TASK STATEMENT: Every line between the top of the data below and the line with "緑色の画面のタブレット 教育アプリを示す笑顔の混合レース高校生 — ストック写真", both ends included, must be retyped exactly.

========

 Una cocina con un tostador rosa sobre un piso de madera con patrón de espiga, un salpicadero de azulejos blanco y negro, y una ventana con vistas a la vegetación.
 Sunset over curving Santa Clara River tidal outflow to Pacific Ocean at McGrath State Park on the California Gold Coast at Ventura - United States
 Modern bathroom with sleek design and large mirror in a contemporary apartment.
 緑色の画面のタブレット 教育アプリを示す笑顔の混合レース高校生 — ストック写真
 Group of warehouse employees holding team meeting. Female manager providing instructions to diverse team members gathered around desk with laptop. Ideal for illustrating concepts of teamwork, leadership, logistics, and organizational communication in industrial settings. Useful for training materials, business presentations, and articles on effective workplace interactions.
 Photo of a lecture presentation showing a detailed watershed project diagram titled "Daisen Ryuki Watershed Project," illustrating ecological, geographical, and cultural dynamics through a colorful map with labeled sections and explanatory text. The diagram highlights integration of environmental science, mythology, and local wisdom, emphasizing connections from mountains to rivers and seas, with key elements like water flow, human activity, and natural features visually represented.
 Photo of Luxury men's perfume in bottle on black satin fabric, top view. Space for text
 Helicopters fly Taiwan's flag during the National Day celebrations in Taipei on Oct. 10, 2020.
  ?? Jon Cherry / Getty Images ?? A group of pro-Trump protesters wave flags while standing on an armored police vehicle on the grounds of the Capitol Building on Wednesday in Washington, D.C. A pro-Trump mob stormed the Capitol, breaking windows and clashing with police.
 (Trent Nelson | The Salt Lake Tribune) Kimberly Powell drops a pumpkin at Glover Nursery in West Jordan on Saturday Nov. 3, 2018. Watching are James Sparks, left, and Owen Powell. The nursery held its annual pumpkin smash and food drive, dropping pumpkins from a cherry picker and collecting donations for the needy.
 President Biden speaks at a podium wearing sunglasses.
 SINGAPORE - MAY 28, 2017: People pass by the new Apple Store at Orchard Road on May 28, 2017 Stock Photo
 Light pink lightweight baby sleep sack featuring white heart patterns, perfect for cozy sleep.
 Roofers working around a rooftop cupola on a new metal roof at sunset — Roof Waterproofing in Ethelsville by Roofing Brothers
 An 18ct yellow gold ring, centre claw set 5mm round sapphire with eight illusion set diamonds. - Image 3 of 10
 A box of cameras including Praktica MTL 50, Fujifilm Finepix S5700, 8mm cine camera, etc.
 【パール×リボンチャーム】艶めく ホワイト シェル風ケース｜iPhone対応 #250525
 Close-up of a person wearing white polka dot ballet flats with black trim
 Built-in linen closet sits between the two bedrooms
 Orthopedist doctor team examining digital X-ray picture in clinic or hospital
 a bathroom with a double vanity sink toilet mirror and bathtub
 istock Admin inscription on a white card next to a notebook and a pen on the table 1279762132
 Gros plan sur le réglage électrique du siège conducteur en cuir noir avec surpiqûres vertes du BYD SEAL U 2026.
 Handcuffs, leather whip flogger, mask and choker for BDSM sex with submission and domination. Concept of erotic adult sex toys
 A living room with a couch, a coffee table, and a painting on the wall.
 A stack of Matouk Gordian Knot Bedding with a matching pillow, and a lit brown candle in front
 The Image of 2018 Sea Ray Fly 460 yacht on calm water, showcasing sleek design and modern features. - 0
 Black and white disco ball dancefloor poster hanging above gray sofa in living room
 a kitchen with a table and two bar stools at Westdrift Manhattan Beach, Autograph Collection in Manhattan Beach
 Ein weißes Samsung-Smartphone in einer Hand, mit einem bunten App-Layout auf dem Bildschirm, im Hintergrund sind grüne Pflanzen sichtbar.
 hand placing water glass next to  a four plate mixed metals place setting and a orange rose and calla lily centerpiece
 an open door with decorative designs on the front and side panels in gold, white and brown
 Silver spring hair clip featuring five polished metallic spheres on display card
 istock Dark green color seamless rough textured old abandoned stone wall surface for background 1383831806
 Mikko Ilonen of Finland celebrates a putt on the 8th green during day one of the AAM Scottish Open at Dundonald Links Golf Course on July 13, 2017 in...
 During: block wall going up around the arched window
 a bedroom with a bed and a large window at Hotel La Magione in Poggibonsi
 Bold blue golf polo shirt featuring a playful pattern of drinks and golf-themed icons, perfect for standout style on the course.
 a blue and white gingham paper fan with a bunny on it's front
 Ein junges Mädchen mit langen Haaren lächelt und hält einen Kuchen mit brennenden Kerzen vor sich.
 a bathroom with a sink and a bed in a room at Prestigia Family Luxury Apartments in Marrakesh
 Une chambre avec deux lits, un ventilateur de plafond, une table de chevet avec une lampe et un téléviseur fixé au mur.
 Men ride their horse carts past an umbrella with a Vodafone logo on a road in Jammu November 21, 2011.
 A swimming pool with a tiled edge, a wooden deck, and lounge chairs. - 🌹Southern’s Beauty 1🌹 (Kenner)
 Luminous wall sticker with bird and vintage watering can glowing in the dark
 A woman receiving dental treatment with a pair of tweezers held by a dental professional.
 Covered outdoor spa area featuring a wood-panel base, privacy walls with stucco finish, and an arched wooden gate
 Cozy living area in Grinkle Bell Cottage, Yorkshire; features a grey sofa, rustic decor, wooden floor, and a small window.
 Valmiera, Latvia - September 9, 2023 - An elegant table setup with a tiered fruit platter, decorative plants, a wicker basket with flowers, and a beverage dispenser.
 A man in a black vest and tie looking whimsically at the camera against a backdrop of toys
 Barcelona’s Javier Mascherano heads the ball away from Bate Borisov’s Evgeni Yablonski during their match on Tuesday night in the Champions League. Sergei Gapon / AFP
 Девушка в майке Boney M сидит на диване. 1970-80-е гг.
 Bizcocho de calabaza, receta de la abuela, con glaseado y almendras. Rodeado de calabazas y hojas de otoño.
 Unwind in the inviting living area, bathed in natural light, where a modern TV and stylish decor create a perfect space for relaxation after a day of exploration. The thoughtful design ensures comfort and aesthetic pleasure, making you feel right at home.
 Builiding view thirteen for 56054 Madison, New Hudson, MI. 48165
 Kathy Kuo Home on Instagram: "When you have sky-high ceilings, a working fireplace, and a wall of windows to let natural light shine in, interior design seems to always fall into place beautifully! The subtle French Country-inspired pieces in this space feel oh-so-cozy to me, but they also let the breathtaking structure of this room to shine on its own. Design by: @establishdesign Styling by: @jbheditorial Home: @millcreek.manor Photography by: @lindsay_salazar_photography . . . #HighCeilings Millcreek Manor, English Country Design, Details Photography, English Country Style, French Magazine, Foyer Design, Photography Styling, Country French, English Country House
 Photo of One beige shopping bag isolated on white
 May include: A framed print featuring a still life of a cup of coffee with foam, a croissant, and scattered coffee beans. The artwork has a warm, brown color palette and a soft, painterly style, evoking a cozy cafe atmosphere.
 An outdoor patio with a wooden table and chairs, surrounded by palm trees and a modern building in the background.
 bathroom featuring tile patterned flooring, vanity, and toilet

========

RESPONSE AREA:
 Una cocina con un tostador rosa sobre un piso de madera con patrón de espiga, un salpicadero de azulejos blanco y negro, y una ventana con vistas a la vegetación.
 Sunset over curving Santa Clara River tidal outflow to Pacific Ocean at McGrath State Park on the California Gold Coast at Ventura - United States
 Modern bathroom with sleek design and large mirror in a contemporary apartment.
 緑色の画面のタブレット 教育アプリを示す笑顔の混合レース高校生 — ストック写真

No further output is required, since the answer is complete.